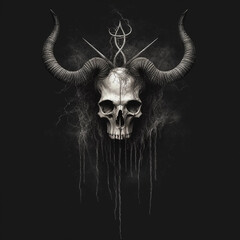A Dark Horned Demonic Human Skull Emblem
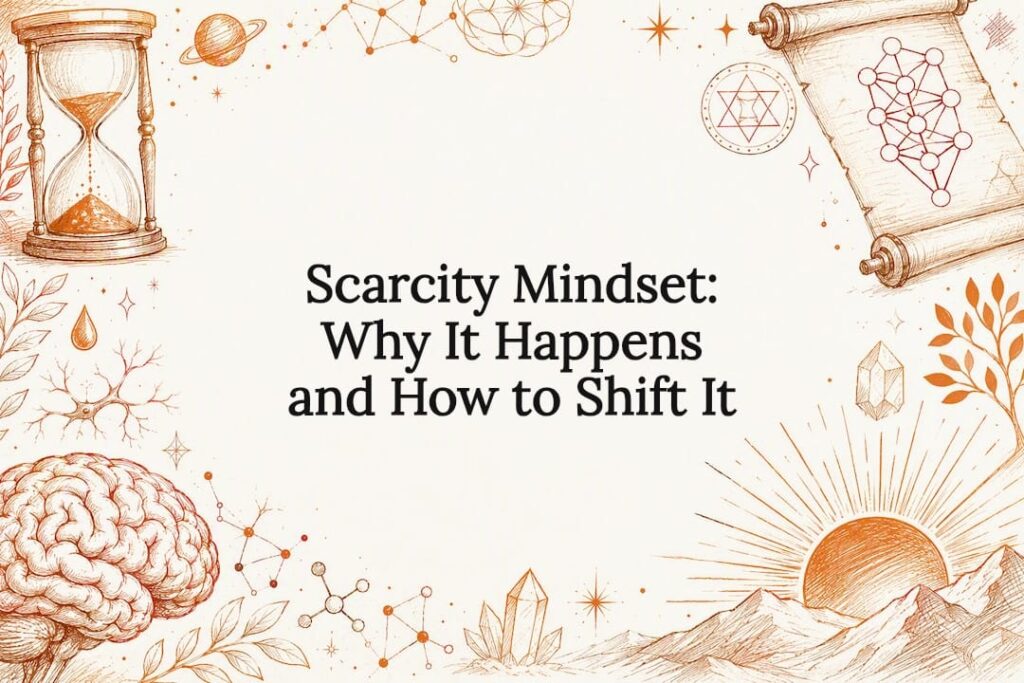 Decorative title card illustration of scarcity and abundance concepts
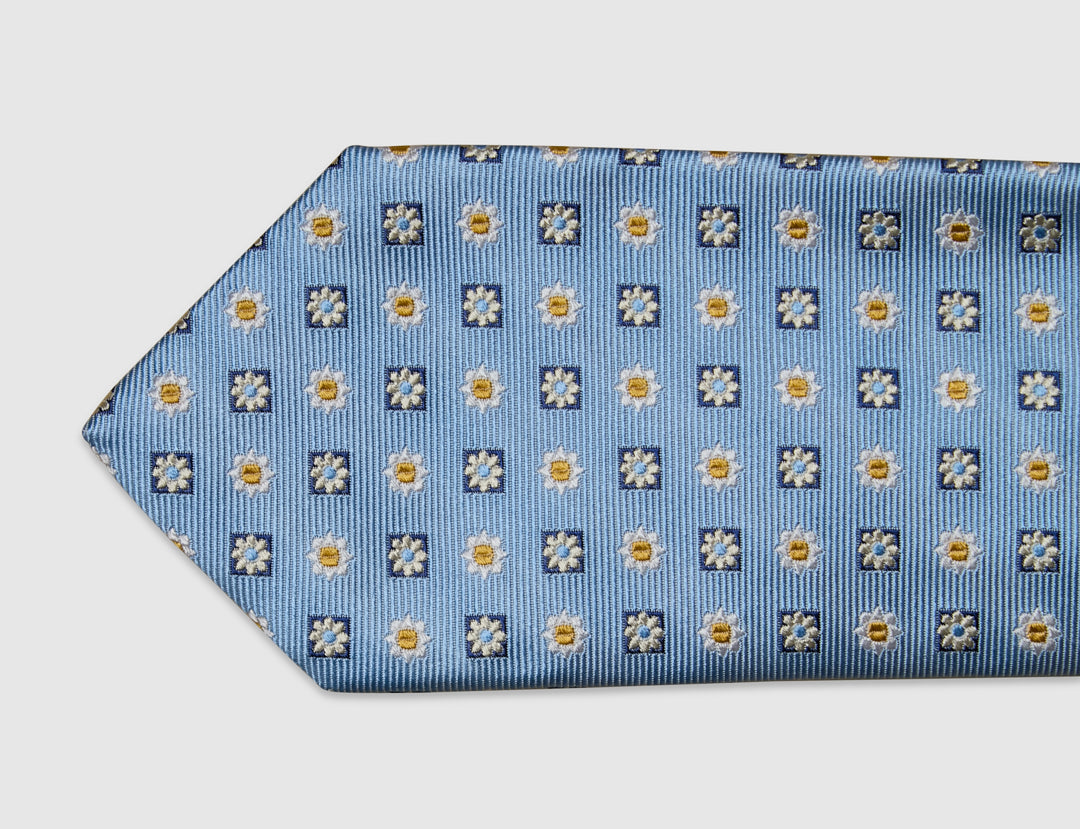 Italian Silk Tie Fresh Medallion Jacquard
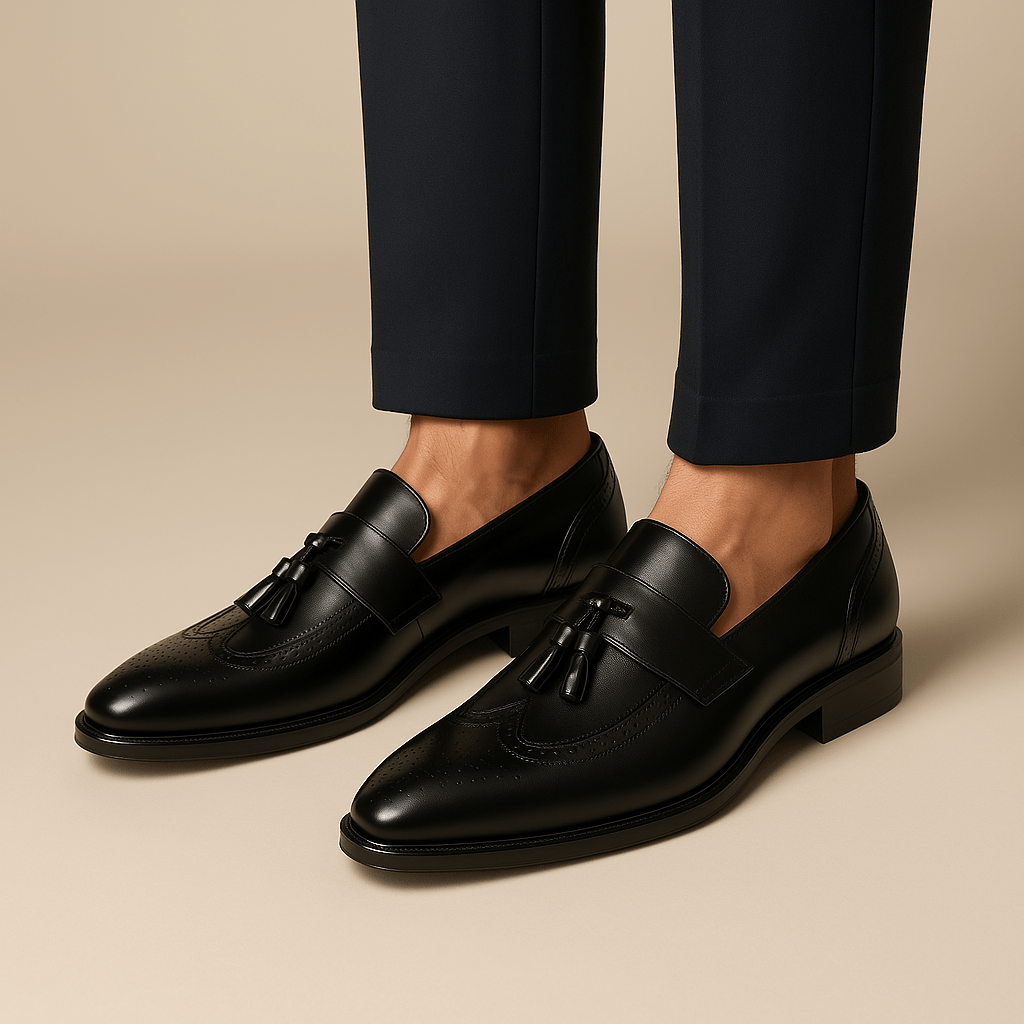Heren Leren Loafers Bruin Met Kwastjes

• **WHAT YOU ARE ASKED TO DO**
Pictures stay out; everything else in the listing above gets repeated exactly.

• **WRITTEN RESPONSE**
A Dark Horned Demonic Human Skull Emblem
 Decorative title card illustration of scarcity and abundance concepts
 Italian Silk Tie Fresh Medallion Jacquard
Heren Leren Loafers Bruin Met Kwastjes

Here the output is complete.